C’est cet homme qui l’a façonné. En des termes plus touchants, il est écrit, dans son ouvrage (avant-propos) : « Il fut pour lui un tuteur, un modèle, un compagnon de même but, un éducateur qui a su l’encadrer sans relâche et annihiler en lui toutes les traces et séquelles d’une enfance tumultueuse passée au cœur de la capitale sénégalaise et qui ne présageaient en rien un avenir de soumission intégrale à la cause du Mouridisme ou une assimilation de valeurs islamiques authentiques, encore moins des responsabilités les plus minimes dans le service si sanctifiant de notre vénéré guide, Khadimou Rassoul ». Un compagnonnage connu de tous. C’est donc tout naturellement que le Khalife général des Mourides le désigne comme son successeur : « Il ne m’a même pas consulté. Je n’y ai jamais pensé ».
Les « Xassaïd » et la machine à boules
Sitôt arrivé, sitôt impliqué. Alors qu’il était encore novice dans la « dahira », Serigne Youssou Diop se voit coopter dans une mission aussi noble que prestigieuse. Alors Khalife général des Mourides, Serigne Abdoul Ahad Mbacké recommande la traduction de certains poèmes en français. La commission pour ce travail était dirigée par feu Serigne Atou Diagne avec l’appui de Serigne Sam Mbaye. Serigne Youssou Diop, fort de ses notions en dactylographie acquises lors de sa formation en comptabilité, se charge de la saisie. « C’était en 1984. Nous avions une machine à boules de marque Ibm. Ensuite, on les amenait en reprographie. C’est comme cela qu’on avait travaillé sur plusieurs poèmes. Il n’y avait pas autant de machines à l’époque », se souvient-il en brandissant des exemplaires de ces saisies d’une autre époque.
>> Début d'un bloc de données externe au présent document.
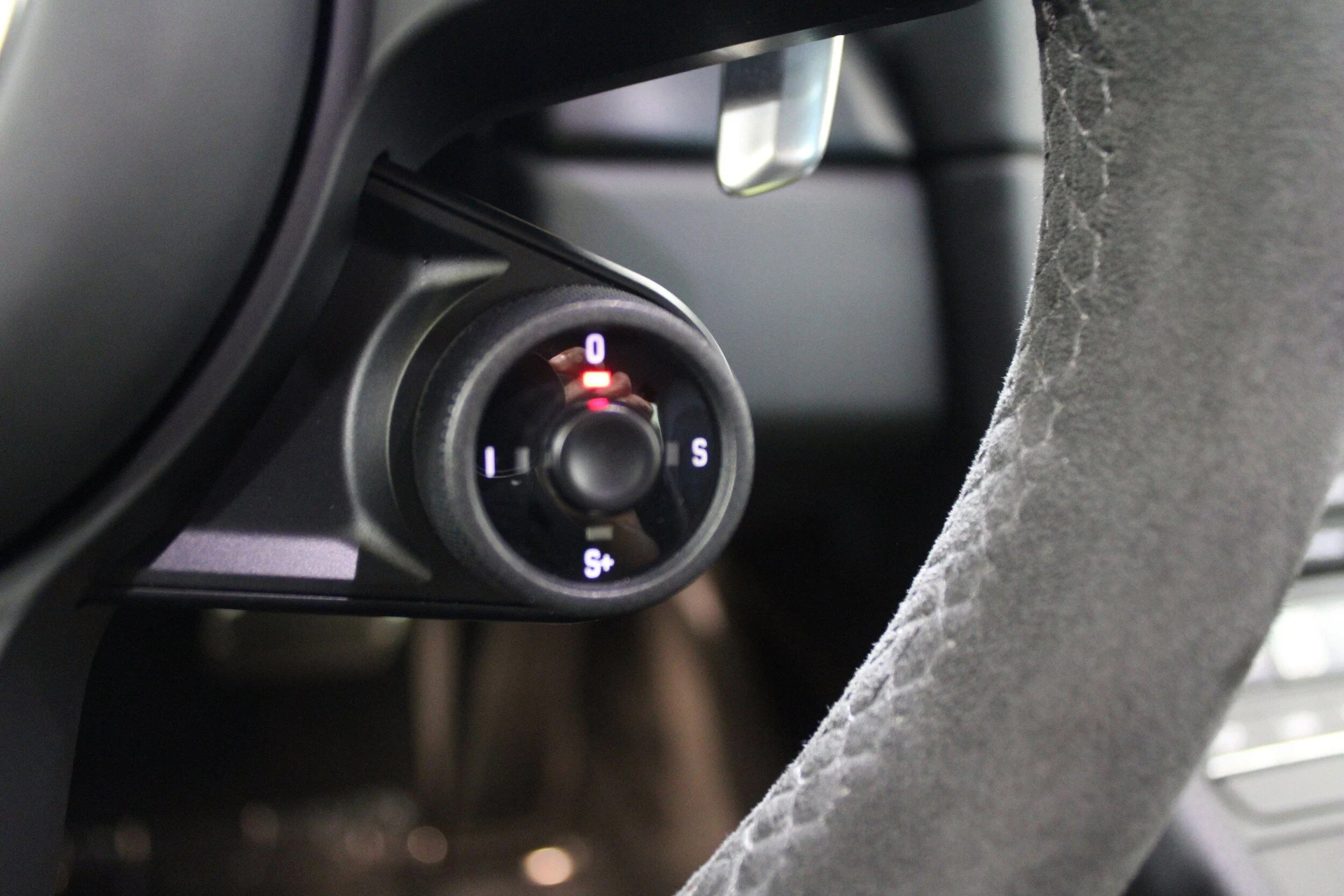 mph034_2229299581_7a6aa20c7b2debd057e95e6c74b29805x_60fd00b191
Si sa désignation comme successeur de Serigne Atou Diagne n’a souffert d’aucune contestation, c’est en partie parce que la vie de Serigne Youssou Diop se confond à celle de la « dahira » au service de laquelle il s’active depuis ses 19 ans. Aujourd’hui, il en a 58.
Secrétaire permanent, Secrétaire général, Superviseur de la Coordination technique centrale, Responsable de l’Institut international d’études et de recherches sur le Mouridisme (Iierm) créé en 2006, Serigne Youssou a gravi « tous les échelons », toujours aux côtés de son aîné, Serigne Atou. Il devient, par la suite, responsable de la mise en œuvre des mécanismes financiers dans les cellules ainsi que dans la supervision de la Direction des études techniques et des grands projets d’aménagement de Hizbut Tarqiyyah, avant d’être désigné Responsable du Comité directeur chargé de la préparation du grand Magal de Touba au sein de cette célèbre « dahira ».
Dans le domaine des Technologies de l’information et de la communication, il a été chargé de l’implantation de l’imprimerie au « daara ». Il a acquis une solide expérience en tant que Chef de projet de la mise en place du Système d’information et de gestion des membres de Hizbut Tarqiyyah et de l’intranet. Avant d’être Responsable moral, il a été, pendant longtemps, Secrétaire général de la Direction générale de Hizbut Tarqiyyah, en charge des dossiers de la coopération et des partenariats.
L’Organisation islamique du Mouridisme, Hizbut Tarqiyyah (ex-« dahira » des étudiants mourides de Dakar), a été fondée au cours de l’année académique 1975-76, sous le khalifat de Serigne Abdoul Ahad Mbacké, troisième Khalife général des Mourides. La trajectoire de vie de Serigne Youssou Diop est intimement liée à cette illustre institution qu’il continue de servir avec ferveur.